/---
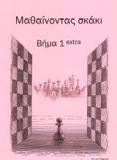 ΜΑΘΑΙΝΟΝΤΑΣ ΣΚΑΚΙ: ΒΗΜΑ 1 EXTRA ΑΣΚΗΣΕΩΝ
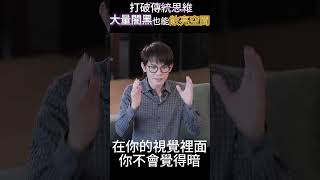 打破99%網友觀念！？深色裝潢不暗沉，反轉呈現「明亮質感」！ #shorts  #陳嘉鴻 #is國際設計 #黑色系 #深色裝潢 #設計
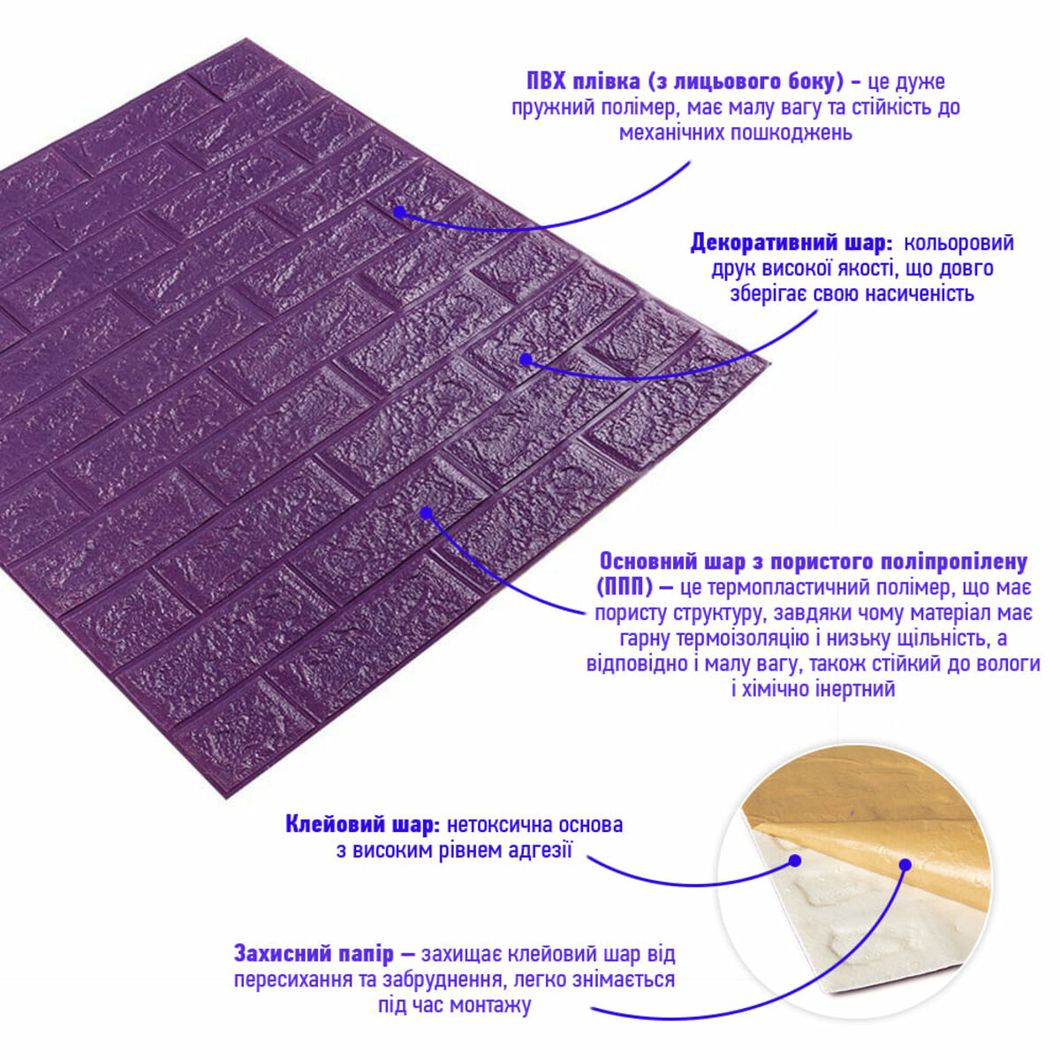 Панель стінова самоклеюча декоративна 3D Цегла Фіолетова 700х770х5мм (016-5), Фиолетовый, Фіолетовий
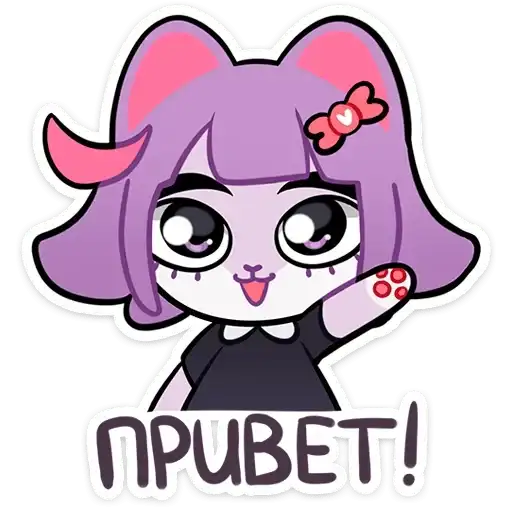 Масюня preview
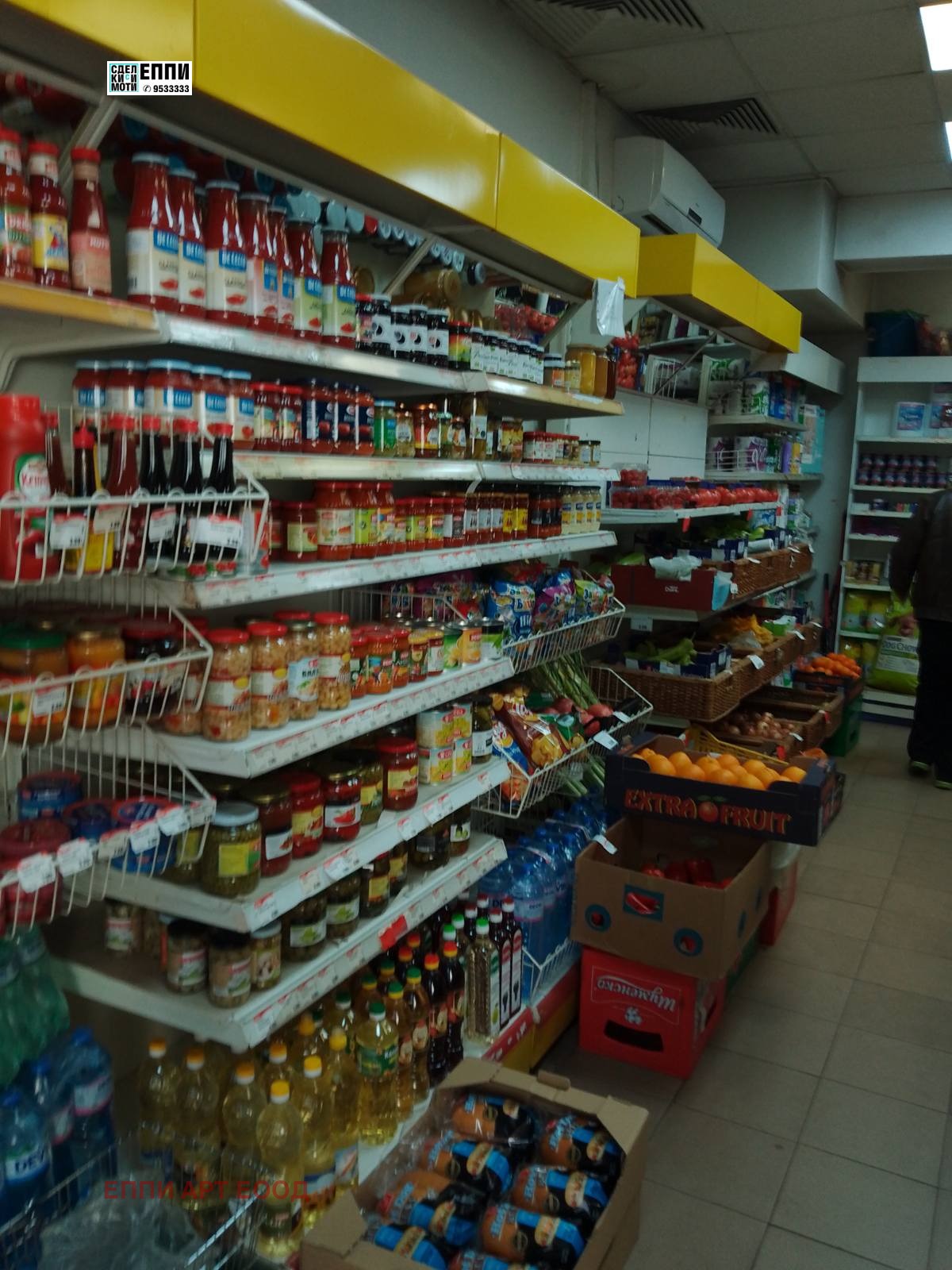 Продава МАГАЗИН, гр. София, Център, снимка 2 - Магазини - 38745166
\---
### Action item
Pictures don't belong in the copy. Restate all the entries exactly.

### Problem solution
 ΜΑΘΑΙΝΟΝΤΑΣ ΣΚΑΚΙ: ΒΗΜΑ 1 EXTRA ΑΣΚΗΣΕΩΝ
 打破99%網友觀念！？深色裝潢不暗沉，反轉呈現「明亮質感」！ #shorts  #陳嘉鴻 #is國際設計 #黑色系 #深色裝潢 #設計
 Панель стінова самоклеюча декоративна 3D Цегла Фіолетова 700х770х5мм (016-5), Фиолетовый, Фіолетовий
 Масюня preview
 Продава МАГАЗИН, гр. София, Център, снимка 2 - Магазини - 38745166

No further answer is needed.